De Robin Nitot sur le site de la Revue des Deux Mondes :
Paul Sugy : « Il faut prendre le projet antispéciste au sérieux »
Dans « L'Extinction de l'Homme : Le projet fou des antispécistes » (Tallandier, 2021), Paul Sugy fait un tour d'horizon de la pensée antispéciste et alerte sur le péril anthropologique qu'elle constitue.
Paul Sugy : C’est une idéologie qui a été forgée par des militants afin de servir la cause de la libération animale. Cette idéologie s’oppose à ce qu’elle appelle le « spécisme », autre néologisme qui désigne la discrimination des espèces et la préférence accordée aux humains par rapport aux autres formes de vie. L’antispécisme s’oppose à cette discrimination, en se calquant sur le modèle de la lutte contre le racisme ou le sexisme, et considère que tous les animaux sensibles ont un intérêt vital à ne pas souffrir. Par conséquent, pour eux, faire souffrir des animaux pour notre bien-être, pour notre consommation personnelle, correspond à une forme d’injustice et à une discrimination. Pour eux, c’est parce que les cochons ne sont pas des humains que nous nous permettons de les tuer.

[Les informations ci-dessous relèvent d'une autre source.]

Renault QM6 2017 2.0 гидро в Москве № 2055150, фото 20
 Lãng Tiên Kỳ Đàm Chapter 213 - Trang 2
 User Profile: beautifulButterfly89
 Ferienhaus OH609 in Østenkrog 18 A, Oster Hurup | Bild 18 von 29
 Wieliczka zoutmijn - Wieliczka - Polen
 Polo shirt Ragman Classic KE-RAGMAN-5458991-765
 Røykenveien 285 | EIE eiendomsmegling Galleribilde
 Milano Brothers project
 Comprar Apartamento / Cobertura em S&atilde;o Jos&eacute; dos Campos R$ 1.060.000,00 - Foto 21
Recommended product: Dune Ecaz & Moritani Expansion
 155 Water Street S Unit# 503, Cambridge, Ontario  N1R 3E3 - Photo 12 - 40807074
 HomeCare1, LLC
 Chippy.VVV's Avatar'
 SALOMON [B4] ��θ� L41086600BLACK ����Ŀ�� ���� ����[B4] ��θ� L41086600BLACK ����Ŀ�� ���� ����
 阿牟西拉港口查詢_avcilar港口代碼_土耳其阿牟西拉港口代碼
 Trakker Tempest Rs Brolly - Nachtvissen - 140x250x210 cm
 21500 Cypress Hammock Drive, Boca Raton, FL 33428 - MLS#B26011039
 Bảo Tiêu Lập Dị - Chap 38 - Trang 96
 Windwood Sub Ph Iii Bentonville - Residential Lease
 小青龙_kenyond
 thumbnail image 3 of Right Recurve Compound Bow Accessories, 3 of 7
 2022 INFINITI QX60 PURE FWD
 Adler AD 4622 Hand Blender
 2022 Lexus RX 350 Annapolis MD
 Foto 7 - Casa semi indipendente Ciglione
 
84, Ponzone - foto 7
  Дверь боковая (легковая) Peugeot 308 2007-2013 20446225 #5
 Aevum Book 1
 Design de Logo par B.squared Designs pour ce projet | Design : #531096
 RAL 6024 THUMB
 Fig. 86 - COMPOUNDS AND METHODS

L’antispécisme prône une plus large inclusion des animaux sensibles dans notre société, pour mettre fin à ce qu’ils appellent « l’oppression spéciste ». On peine évidemment à mesurer les conséquences politiques et juridiques que cela pourrait avoir, puisque cela supposerait de changer du tout au tout notre rapport aux animaux.
Revue des Deux Mondes : Quelles sont les racines intellectuelles de ce mouvement ?
Paul Sugy : L’antispécisme prolonge la très longue histoire du végétarisme, qui a au fond toujours existé. Depuis que les civilisations humaines ont fait de la viande non seulement un objet de consommation mais aussi un objet culturel et parfois, à l’époque, un objet religieux, il y a eu des contestations de ces traditions. Par exemple, le végétarisme antique a poussé Pythagore à s’en prendre très violemment à la consommation de viande, quasiment de manière blasphématoire puisqu’il remettait en cause les sacrifices d’animaux. Plus récemment, on a retrouvé cette critique chez les Lumières, précisément chez Voltaire qui prônait la fin de l’anthropocentrisme. Ce décentrement prépare l’arrivée au XIXe siècle de penseurs moralistes qui vont opérer un tournant radical dans la morale en décrétant que le bien correspond au plaisir et au bien-être, tandis que le mal correspond à la souffrance : c’est l’utilitarisme de Jeremy Bentham.
Peter Singer, l’un des initiateurs de la cause antispéciste, reprend à son compte cette philosophie en 1975 dans son livre La Libération animale. Il en fait le fondement de ce qui deviendra le mouvement antispéciste. Et aujourd’hui, l’antispécisme, après le stade moral et philosophique qu’il a passé ces dernières décennies, est rentré dans un stade politique, c’est-à-dire qu’il veut faire aboutir sa réflexion dans un projet de société révolutionnaire qui mènerait à la libération animale et à un nouveau système qui serait « zoopolitique », dans lequel les droits et les devoirs des animaux seraient garantis par la loi.